• _EXERCISE BRIEF_:
I need the lines below from the one with "Retractable ballpoint pen" down to the one with "Versace Jeans Couture" reproduced exactly, both ends included, and nothing else.

• _MATERIAL TO PROCESS_:
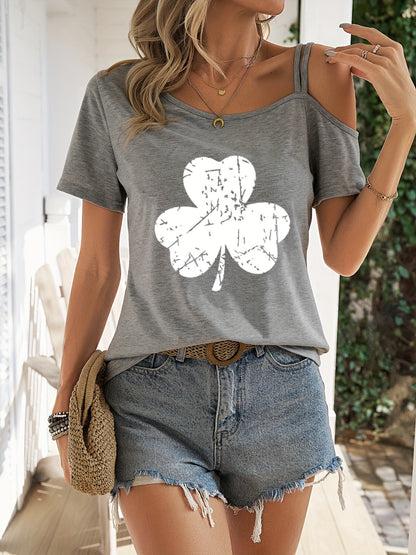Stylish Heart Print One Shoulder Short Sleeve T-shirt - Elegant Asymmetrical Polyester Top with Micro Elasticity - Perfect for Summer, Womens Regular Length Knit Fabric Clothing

...

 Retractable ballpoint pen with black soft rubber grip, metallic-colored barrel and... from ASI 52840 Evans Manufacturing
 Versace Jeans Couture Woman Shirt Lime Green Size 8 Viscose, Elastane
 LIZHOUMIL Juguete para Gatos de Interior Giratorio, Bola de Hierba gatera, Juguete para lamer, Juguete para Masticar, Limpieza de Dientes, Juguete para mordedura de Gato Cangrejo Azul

...

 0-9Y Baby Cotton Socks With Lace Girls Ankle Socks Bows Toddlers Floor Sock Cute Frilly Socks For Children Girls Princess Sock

• _FINISHED EXERCISE_:
 Retractable ballpoint pen with black soft rubber grip, metallic-colored barrel and... from ASI 52840 Evans Manufacturing
 Versace Jeans Couture Woman Shirt Lime Green Size 8 Viscose, Elastane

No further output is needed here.